A incansável jornada que fez de Danilo Santos de Miranda um dos alicerces da cultura no país  

Por Manuela Ferreira

Colaborou Adriana Reis Paulics

Leia a edição de DEZEMBRO/23 da Revista E na íntegra

Quando ainda era um jovem seminarista, o filósofo e sociólogo Danilo Santos de Miranda (1943-2023) viveu uma experiência reveladora, que trouxe solidez aos seus passos e maior clareza frente ao propósito de compreender o seu entorno. No período das chamadas “provações” do noviciado na Companhia de Jesus, entre estudos, práticas espirituais e serviços à comunidade, ele realizou uma peregrinação, momento obrigatório para os candidatos ao sacerdócio. A jornada foi solitária: após longas horas a pé, atravessando cidades, no interior de São Paulo, fazia intervalos para pedir água, comida ou um abrigo para o descanso noturno. Estas eram formas de experimentar, na prática, o conceito cristão de “confiança na Providência”. Andando do nascer ao pôr do sol, ele pôde refletir sobre sua real vocação. No final do percurso, já não era o mesmo, e a renúncia ao seminário veio pouco tempo depois, assim que concluiu sua formação em filosofia.

Com aquela mudança de rota, Miranda também predeterminou a estrada que trilharia dali em diante. Tinha 25 anos e trabalhava como professor quando leu no jornal sobre a abertura do processo de seleção para o Serviço Social do Comércio de São Paulo. Começava, assim, uma outra travessia, duradoura, firme, grandiosa e inestimável. Foram 55 anos de dedicação ao Sesc, sendo quatro décadas como diretor regional da instituição. Uma caminhada que primou pela defesa da cultura e da educação como elementos vitais para o desenvolvimento humano, que inseriu a diversidade como o cerne da promoção da cidadania e do bem-estar dos indivíduos, e que mudaria os paradigmas sobre políticas públicas de incentivo à cultura no Brasil.

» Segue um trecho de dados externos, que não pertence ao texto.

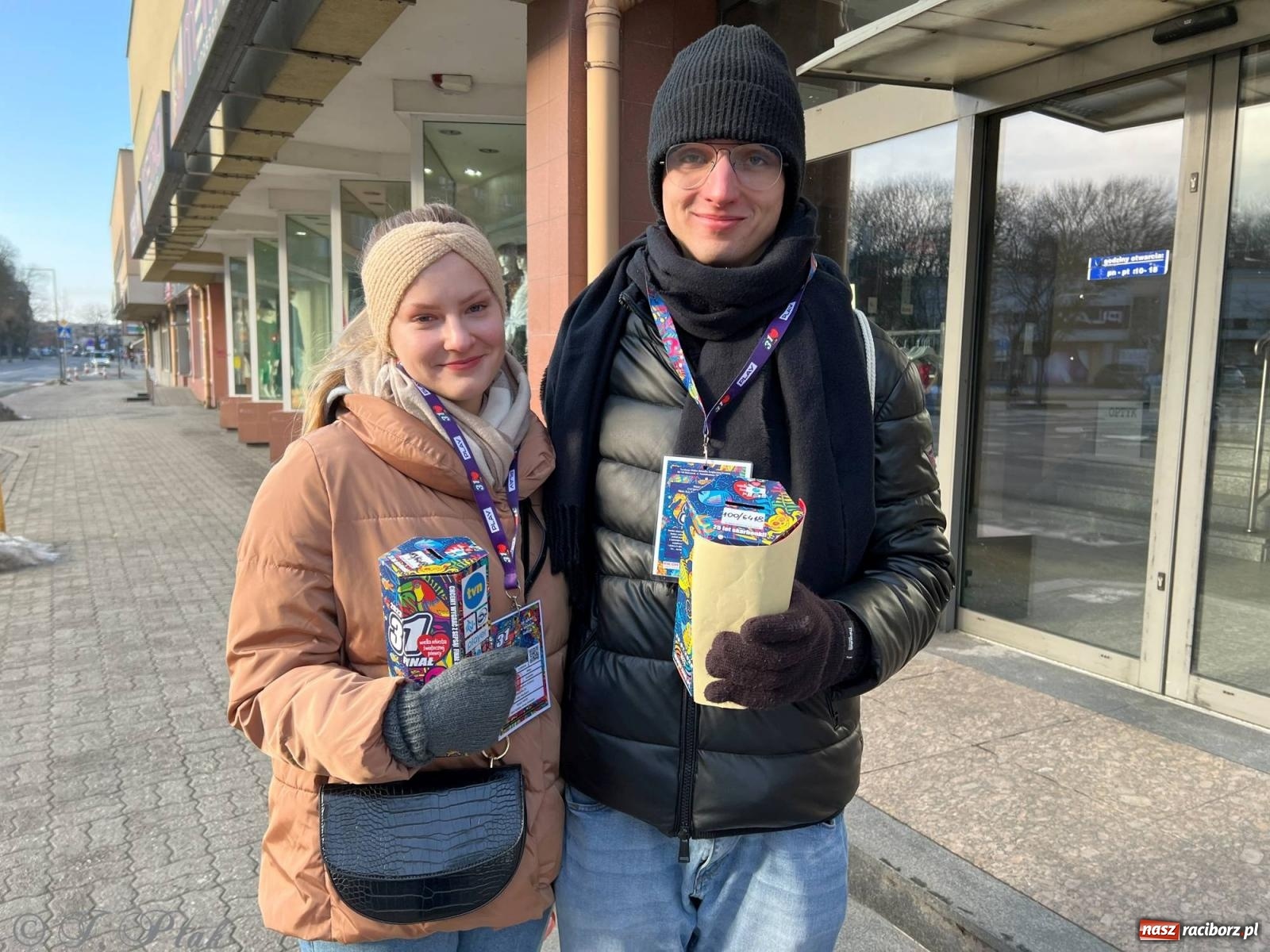 Zdjęcie w galerii na portalu naszraciborz.pl: Mali i duzi, starsi i młodsi. Wolontariusze WOŚP w Raciborzu [FOTO] wiadomości z regionu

“Danilo tinha, desde a juventude, o desejo de olhar o todo, a perfeição como valor, como seu ideal, e trazia consigo a filosofia de que ninguém se salva sozinho”, revela o professor da Pontifícia Universidade Católica de São Paulo (PUC-SP) Fernando José de Almeida. Os laços de amizade, iniciados na infância, permitiram a Almeida testemunhar, de perto, o caminhar do amigo-irmão de toda a vida. Os sólidos pilares humanistas, o grande apreço pelos pensadores clássicos, a paixão pelo teatro, o gosto reservado ao futebol e o amor à família estavam na essência daquele caminhante. “Seu êxito como gestor se deu, muitíssimo, ao brilhantismo das equipes que ele conseguiu formar ao longo desse período. Ele queria terminar sua trajetória no Sesc. E, até o fim, seguia pensando no futuro”, recorda Almeida.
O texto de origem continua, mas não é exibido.